Die übrigen Bände des Duos widmen sich Max Jacob, Apollinaire und Matisse und sind ebenfalls bei Reprodukt erschienen. "Pablo" oszilliert gekonnt zwischen Tratsch, Fantasie und kunsthistorisch fundierten Fakten, lässt die Verzweiflung und Besessenheit des jungen Spaniers spüren. Meisterhaft gezeichnet, geht die Graphic Novel auf die inneren Konflikte Pablo Picassos ein, ganz großartig sind die Partien gelungen, in denen Erotik und Wahnsinn, das Gewalttätige und Gewaltige dieser frühen Moderne in Paris zum Thema gemacht werden.

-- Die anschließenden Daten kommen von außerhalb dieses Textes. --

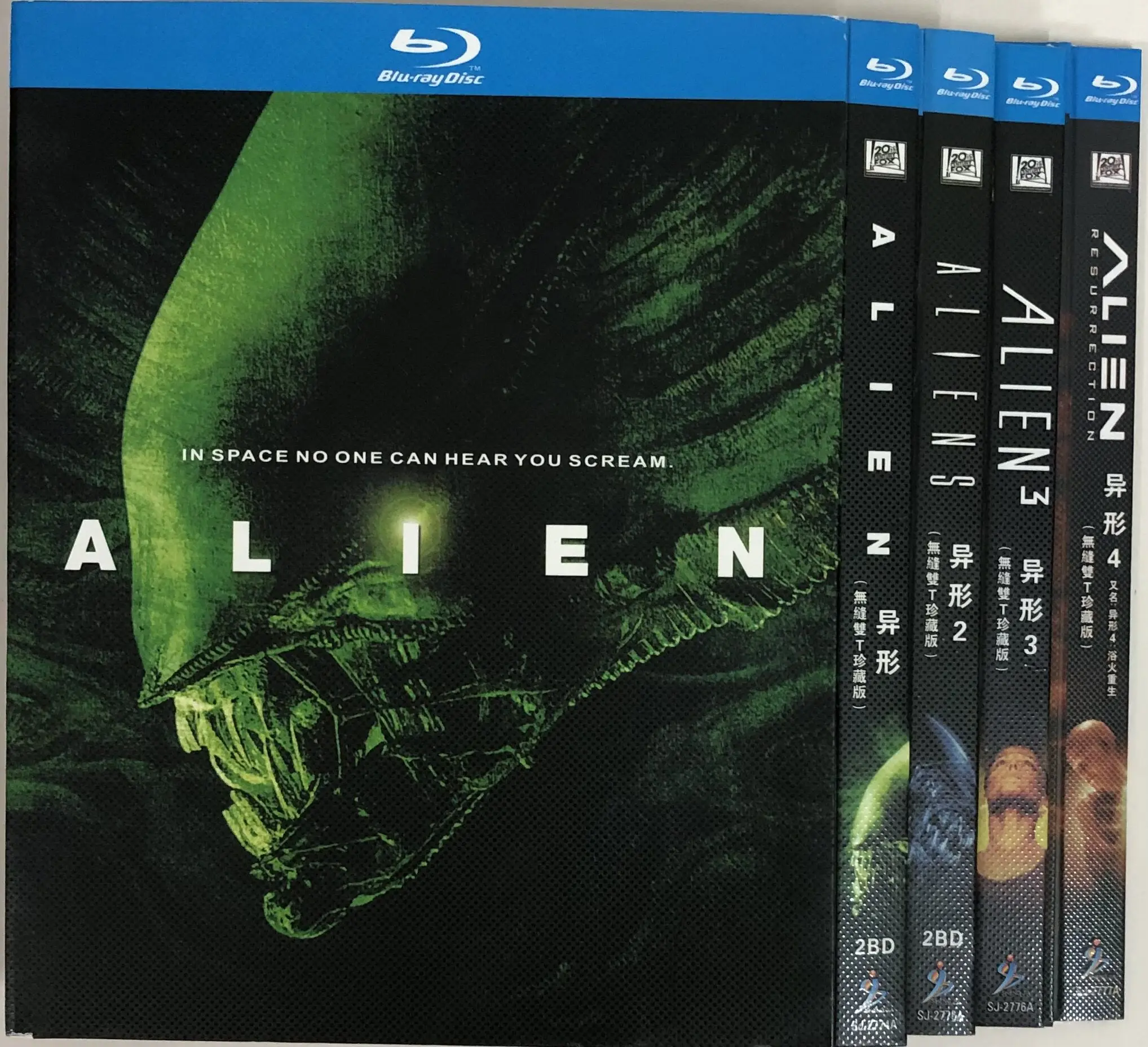 

Classic Old Movie Alien Quadrilogy Mandarin Dubbed and Original Audio Collection Blu-ray Disc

Innere Welten tun sich auch in "Ein Sommer am See" von Jillian und Mariko Tamaki (Reprodukt, 320 S., 20 Euro) auf. Die kanadischen Comic-Künstlerinnen - Jillian zeichnet etwa für die New York Times, Mariko schreibt Prosa und ist Filmemacherin - nähern sich behutsam den Cousinen Rose und Windy im letzten Sommer ihrer Kindheit. Eine unheimlich zart, aber auch sehr witzig und hintergründig, in zarten Blauviolett-Tönen erzählte Coming-of-Age-Geschichte, die so leichtfüßig wie melancholisch daherkommt. Die beiden Mädchen haben jeden Sommer ihre Ferien an dem kanadischen See gemeinsam verbracht. Doch in diesem Urlaub werden die Themen ernster, treten erste Brüche und Widersprüche auf.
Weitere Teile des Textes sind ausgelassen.